Pour rappel, et en résumé, depuis le 15 février 2025, les gains issus de titres souscrits ou acquis par les salariés et dirigeants, en contrepartie de leurs fonctions, sont soumis à un régime dual :

  • Régime des plus-values mobilières : applicable au gain net dans la limite d'un montant déterminé par un multiple de la performance financière.

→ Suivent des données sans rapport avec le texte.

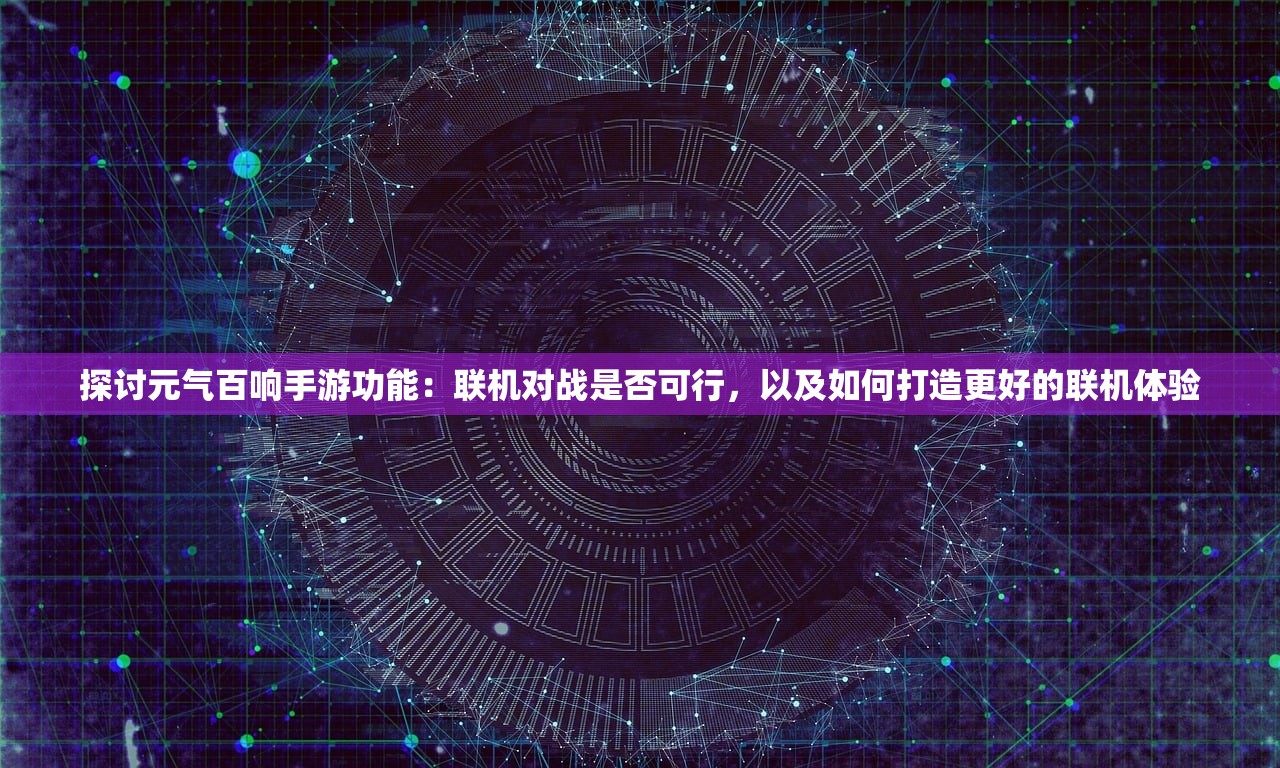 探讨元气百响手游功能：联机对战是否可行，以及如何打造更好的联机体验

Ce multiple est égal à 3 fois le ratio entre la valeur réelle ("VR") de la société à la date de cession (ou de l'opération d'échange) et sa VR à la date d'acquisition ou de souscription des titres.
  • Catégorie des traitements et salaires : applicable à la fraction du gain excédant cette limite.
  • Conditions d’éligibilité : le régime requiert une prise de risque effective (risque de perte en capital) et une durée de détention minimale de 2 ans.

En synthèse, l’article 24 de la LF 2026 modifie le régime comme suit :

  • Institution d’un report d’imposition pour la fraction salariale du gain réinvestie lors d'opérations d’apport ou d'échange visées à l'article 150-0 B du CGI , hors sociétés de gestion de patrimoine familial , avec un maintien possible du report lors de réinvestissements successifs.
  • Précisions sur le calcul de la performance financière :
    • La VR de la société à la date de sortie est désormais augmentée des sommes remboursées au titre des dettes envers les actionnaires ou entreprises liées.
    • La limite d'imposition selon le régime des plus-values est diminuée des revenus distribués et des sommes versées suite à une réduction ou un amortissement de capital entre l'acquisition et la cession.
    • Intégration des compléments de prix (earn-out) dans le gain net global pour l'appréciation du franchissement de la limite d'imposition, avec une taxation l'année de leur perception effective.
  • Sécurisation des opérations intercalaires : les échanges de titres sans soulte (fusions, scissions, divisions, regroupements) n'interrompent pas le délai de détention de 2 ans.
  • Donations et PEA :
    • En cas de donation, le gain net est désormais déterminé et imposé au nom du donateur au titre de l'année de la transmission.
    • Concernant le PEA, le retrait de titres mentionnés à l'article 163 bis H n'entraîne plus l'imposition immédiate du gain latent ni la clôture automatique du plan s'il intervient dans les 5 ans suivant l'ouverture.
  • Ajustements sociaux (LFSS 2026) : les gains sont assujettis à une contribution spécifique de 10 % pour la part salariale, et aux prélèvements sociaux de 18,6 % pour la part soumise au régime des plus-values.

Application rétroactive à compter du 15 février 2025 (sauf dons et PEA, en vigueur le lendemain de la promulgation).